Note: The most important paragraph of this section is the last one. Every person is a combination of yoga and sankhya – of detachment and attachment, of action and inaction. Krishna makes the point that neither of these is inherently good or bad.

What is Renunciation?

Arjuna now asks, ‘If attachment and detachment are equally good, Krishna, then what is the meaning of renunciation?’

‘The learned and wise define renunciation as abandonment of those works that are performed with the sole expectation of reward,’ replies Krishna.

‘The reason for abandonment of a certain act is also important. If one renounces something only out of fear of bodily and psychological harm the action brings, then it is no more than a decision of passion.

‘If the abandonment is out of delusion or ignorance – because the man cannot judge the requirement of the action – then it is a choice made under the cloak of darkness.

‘Since human beings cannot ever abstain from action completely, Partha, the only effective definition of a ‘man who has renounced’ is he who performs actions required of him with absolute detachment to the results that come about.’

Note: Krishna here makes a point that renunciation doesn’t have to be of worldly things.
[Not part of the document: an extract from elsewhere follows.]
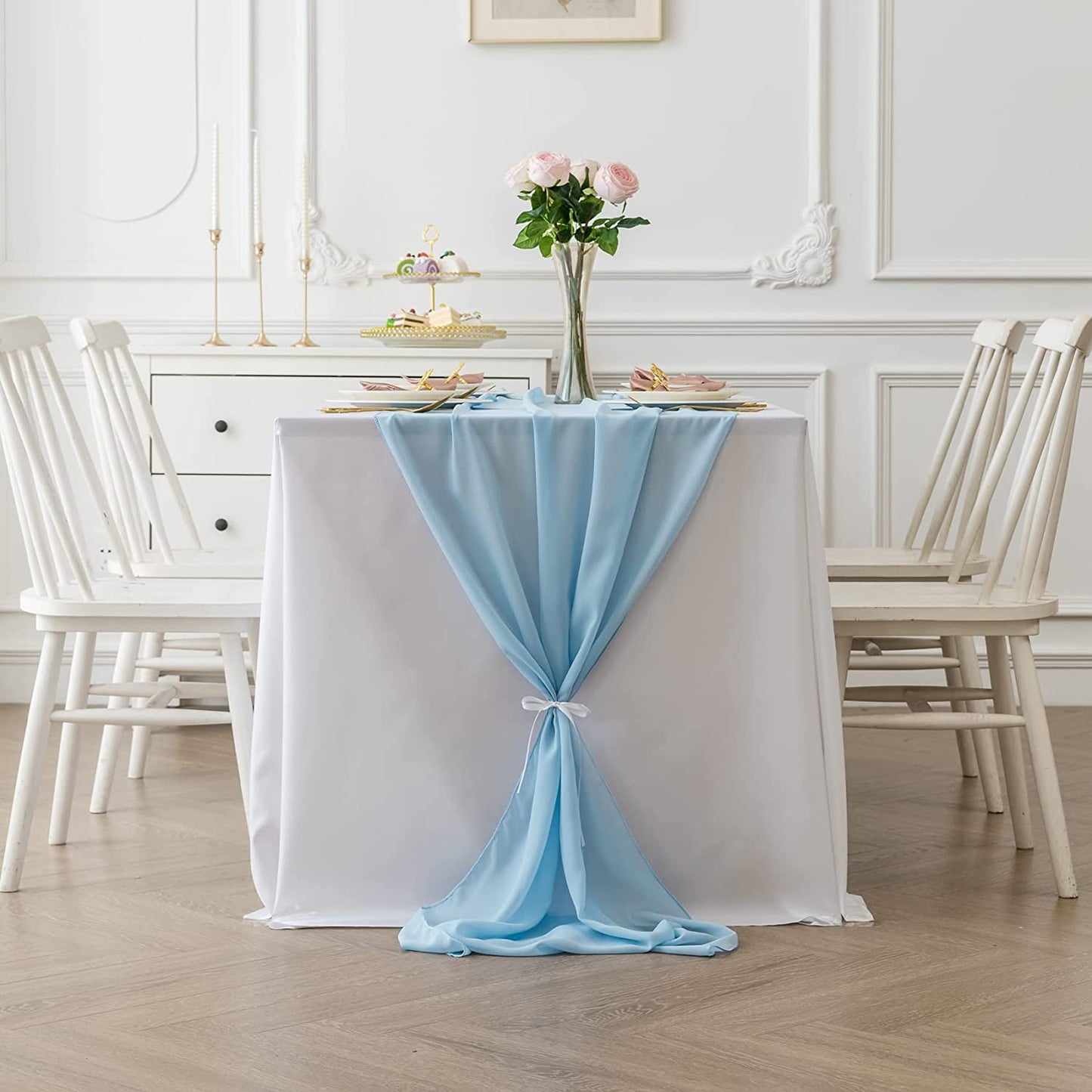 LT BLUE - Chiffon Table Runner, 2 Pcs - Wedding Table Runner, Sheer Decor for Romantic Bridal Shower, Baby Shower, Birthday Party Cake Table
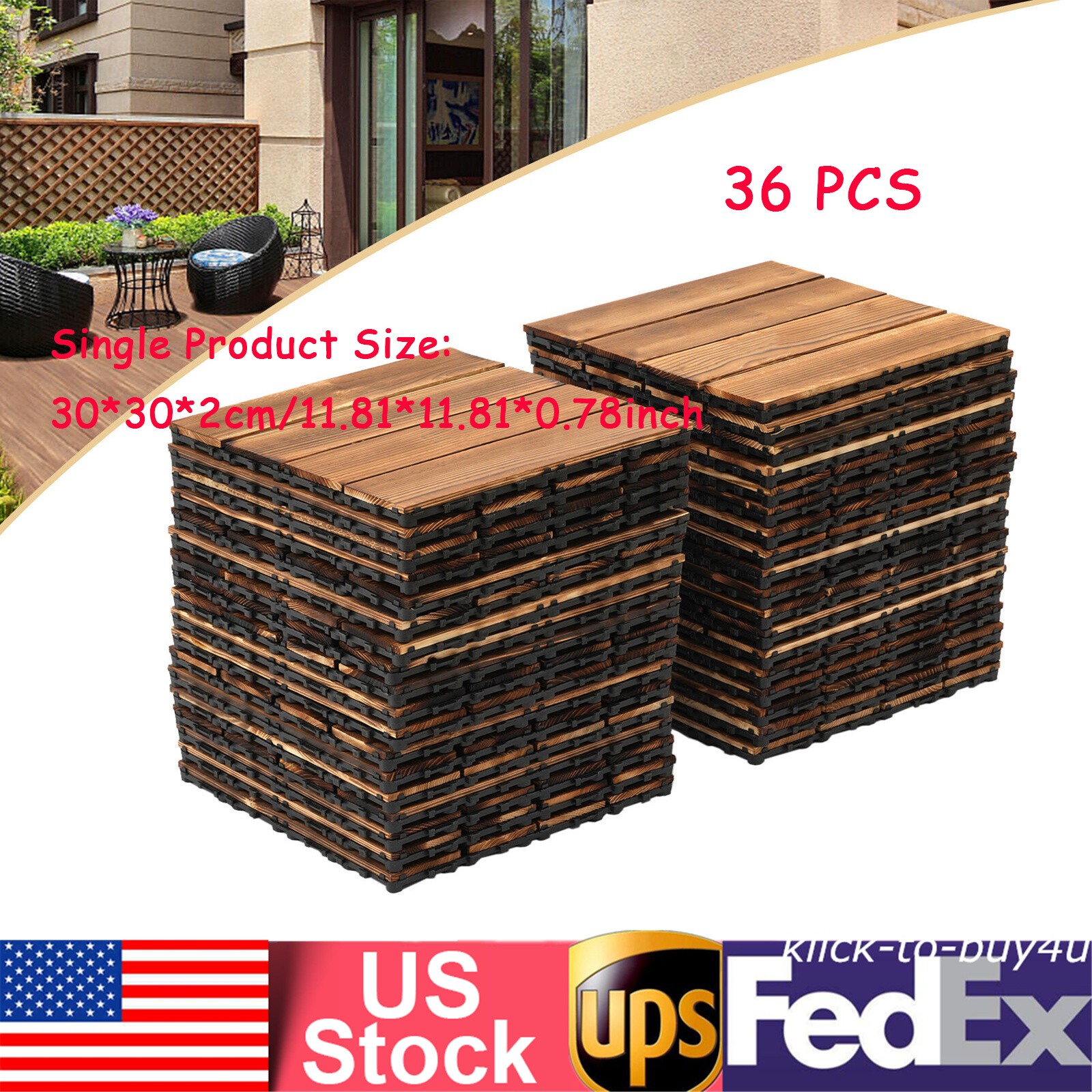 36Pcs Hardwood Interlocking Patio Deck Tiles Wood Flooring DIY Outdoor 12”x12”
You can be in the midst of all the wealth and luxury in the world and be at peace. On the other hand, you can give away everything you have and be constantly anxious.

Renunciation, in short, is the art of letting go of those two things: fear of failure and expectation of success.

On Brahman

The other angle Krishna explores in the Bhagavad Gita is the idea of Brahman. This ‘Brahman’, we have to note, is different from ‘Brahma’ who is the creator of the three worlds.

Brahman, in a sense, is everything. He is considered the being out of Time, who watches the past, present and the future unfold in front of his eyes at the same time. So for him, everything has happened. Causes and consequences are merely constructs.

Krishna claims that he is Brahman. Every once in a while, when chaos begins to rule over order, he manifests himself into the world of time and guides the universe such that balance is restored between darkness and light.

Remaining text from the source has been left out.